Image-caption web data
|---|

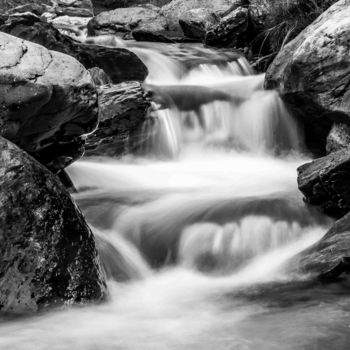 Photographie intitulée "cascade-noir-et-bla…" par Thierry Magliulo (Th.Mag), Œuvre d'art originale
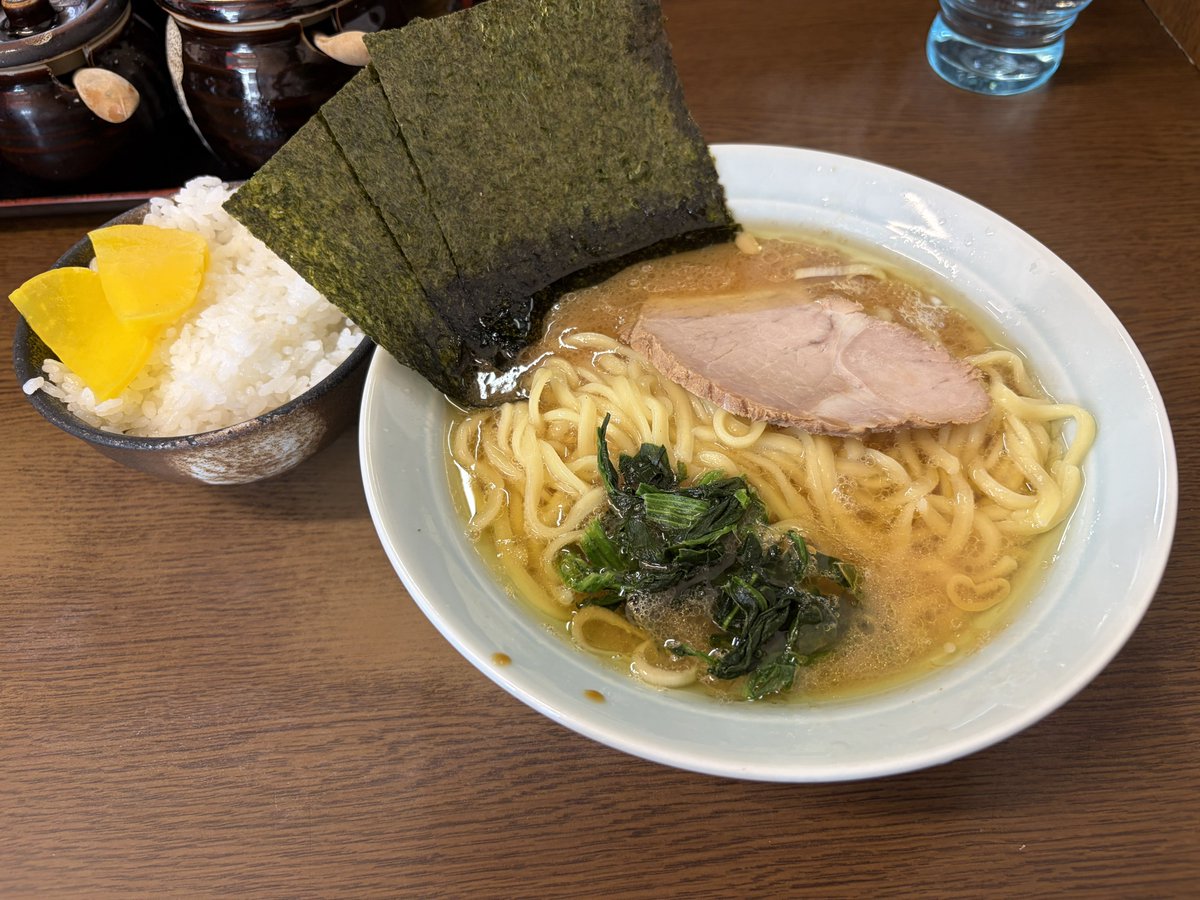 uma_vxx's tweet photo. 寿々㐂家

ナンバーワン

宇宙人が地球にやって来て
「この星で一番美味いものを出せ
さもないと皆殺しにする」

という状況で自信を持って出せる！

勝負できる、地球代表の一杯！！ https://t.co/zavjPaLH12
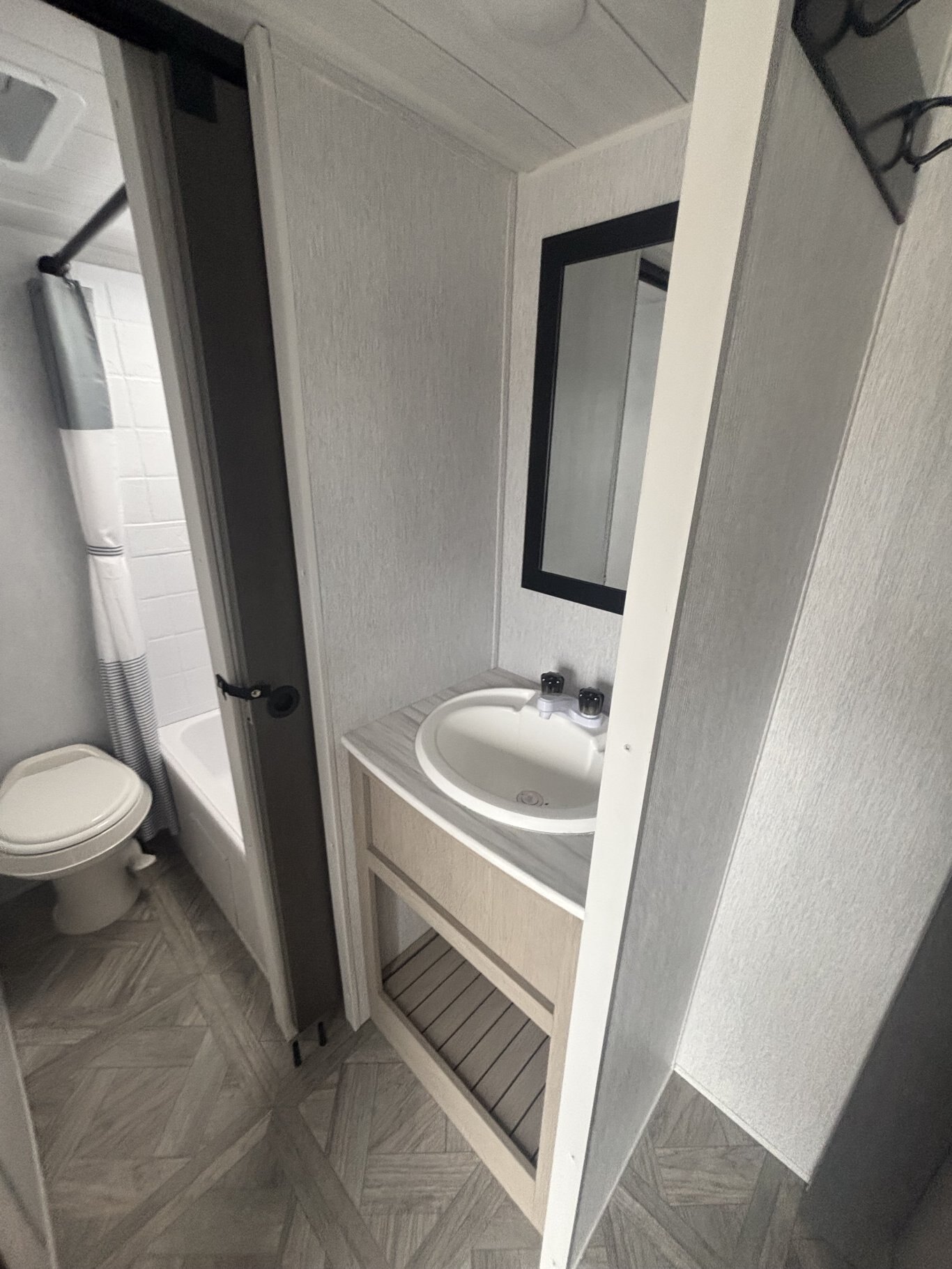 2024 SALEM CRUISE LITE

|---|

WHAT TO PRODUCE — From the records given above, reproduce all text exactly and exclude each picture.

PROBLEM SOLUTION —
 Photographie intitulée "cascade-noir-et-bla…" par Thierry Magliulo (Th.Mag), Œuvre d'art originale
 uma_vxx's tweet photo. 寿々㐂家

ナンバーワン

宇宙人が地球にやって来て
「この星で一番美味いものを出せ
さもないと皆殺しにする」

という状況で自信を持って出せる！

勝負できる、地球代表の一杯！！ https://t.co/zavjPaLH12
 2024 SALEM CRUISE LITE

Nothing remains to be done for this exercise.